Below are entries; copy exactly the lines from the one with "Umeblowany pokój dziecięcy" through the one with "Woman wearing a", both included, and leave out the rest.

• **EXERCISE DATA**
━━━━━━━━━━━━━━━━

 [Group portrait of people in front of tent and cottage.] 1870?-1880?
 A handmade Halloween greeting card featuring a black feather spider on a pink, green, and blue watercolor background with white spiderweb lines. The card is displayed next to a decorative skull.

━━━━━━━━━━━━━━━━

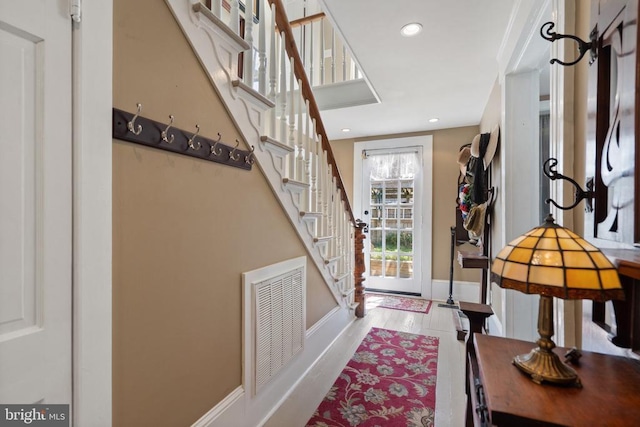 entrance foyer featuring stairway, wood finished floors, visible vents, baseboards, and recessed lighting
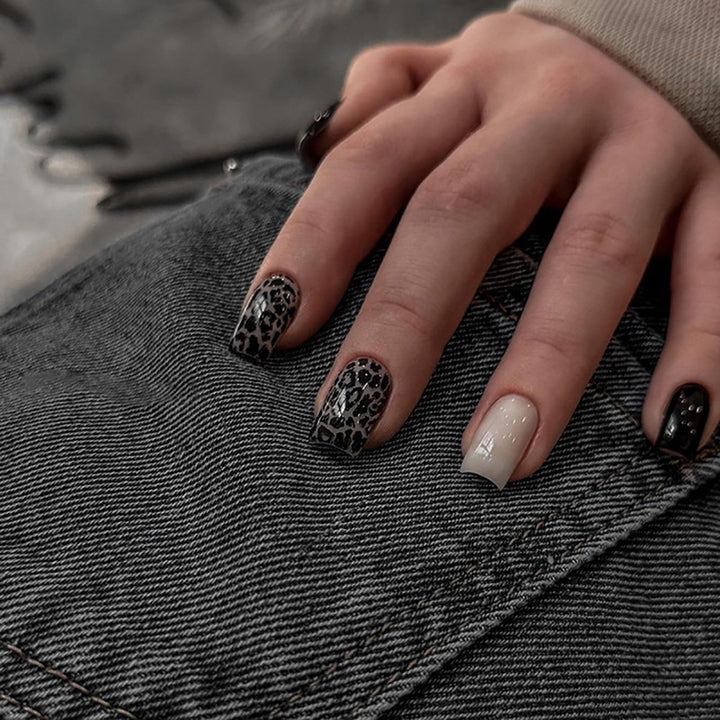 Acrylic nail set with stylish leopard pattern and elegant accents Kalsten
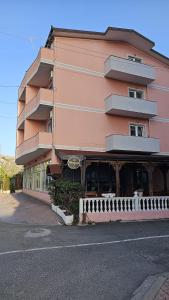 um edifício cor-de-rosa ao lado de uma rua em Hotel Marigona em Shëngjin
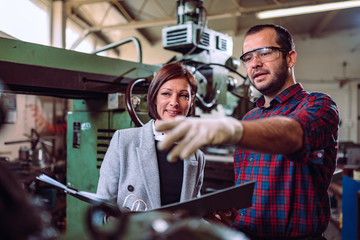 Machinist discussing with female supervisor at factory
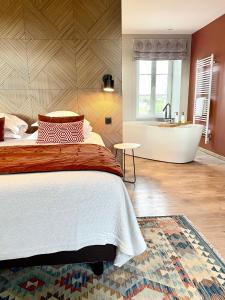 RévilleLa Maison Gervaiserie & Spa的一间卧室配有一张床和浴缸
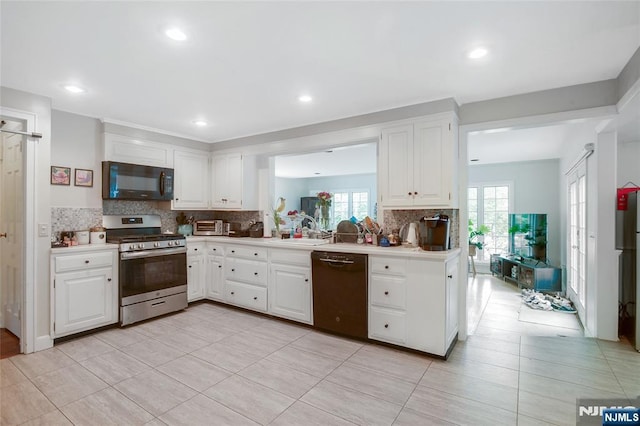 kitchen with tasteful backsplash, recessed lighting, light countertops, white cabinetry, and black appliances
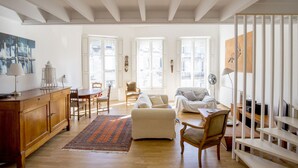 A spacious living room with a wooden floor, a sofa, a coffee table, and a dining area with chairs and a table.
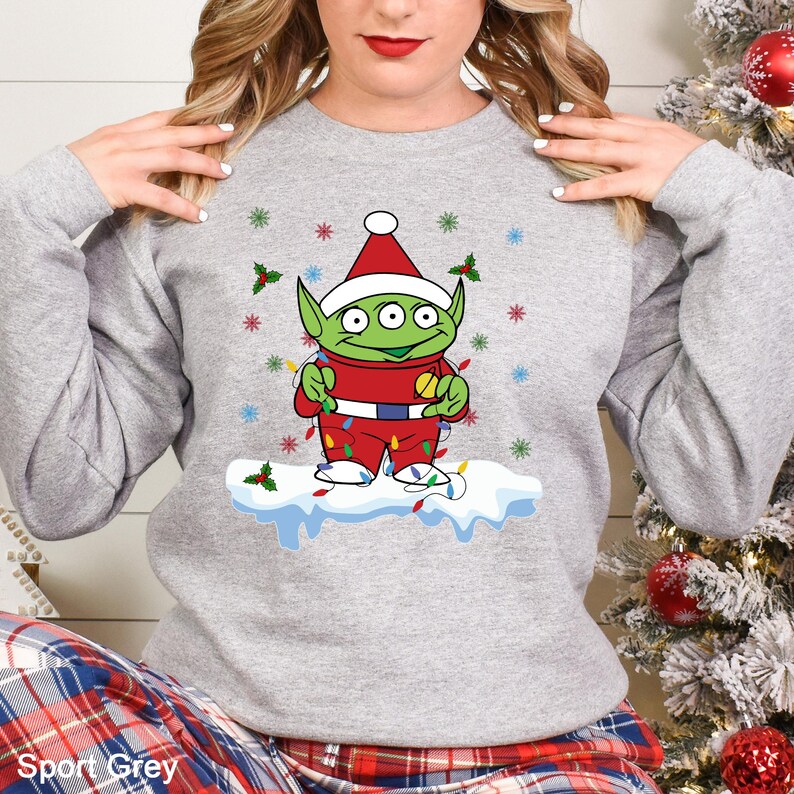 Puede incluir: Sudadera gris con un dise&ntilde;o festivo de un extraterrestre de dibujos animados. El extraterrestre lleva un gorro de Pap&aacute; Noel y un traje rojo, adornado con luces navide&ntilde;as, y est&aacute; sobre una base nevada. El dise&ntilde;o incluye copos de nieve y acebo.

━━━━━━━━━━━━━━━━

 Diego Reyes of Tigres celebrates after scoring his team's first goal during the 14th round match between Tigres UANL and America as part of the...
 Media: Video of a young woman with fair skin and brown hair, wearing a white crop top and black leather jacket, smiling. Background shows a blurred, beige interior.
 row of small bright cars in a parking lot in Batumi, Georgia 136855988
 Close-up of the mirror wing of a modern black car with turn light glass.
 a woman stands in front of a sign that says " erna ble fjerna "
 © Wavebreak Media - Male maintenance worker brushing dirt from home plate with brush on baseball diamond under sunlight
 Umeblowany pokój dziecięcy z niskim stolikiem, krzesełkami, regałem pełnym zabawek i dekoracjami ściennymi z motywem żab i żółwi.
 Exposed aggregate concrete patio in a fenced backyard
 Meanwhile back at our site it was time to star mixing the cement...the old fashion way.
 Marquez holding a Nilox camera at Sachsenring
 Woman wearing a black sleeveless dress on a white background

━━━━━━━━━━━━━━━━

• **RESULT OF THIS TASK**
 Umeblowany pokój dziecięcy z niskim stolikiem, krzesełkami, regałem pełnym zabawek i dekoracjami ściennymi z motywem żab i żółwi.
 Exposed aggregate concrete patio in a fenced backyard
 Meanwhile back at our site it was time to star mixing the cement...the old fashion way.
 Marquez holding a Nilox camera at Sachsenring
 Woman wearing a black sleeveless dress on a white background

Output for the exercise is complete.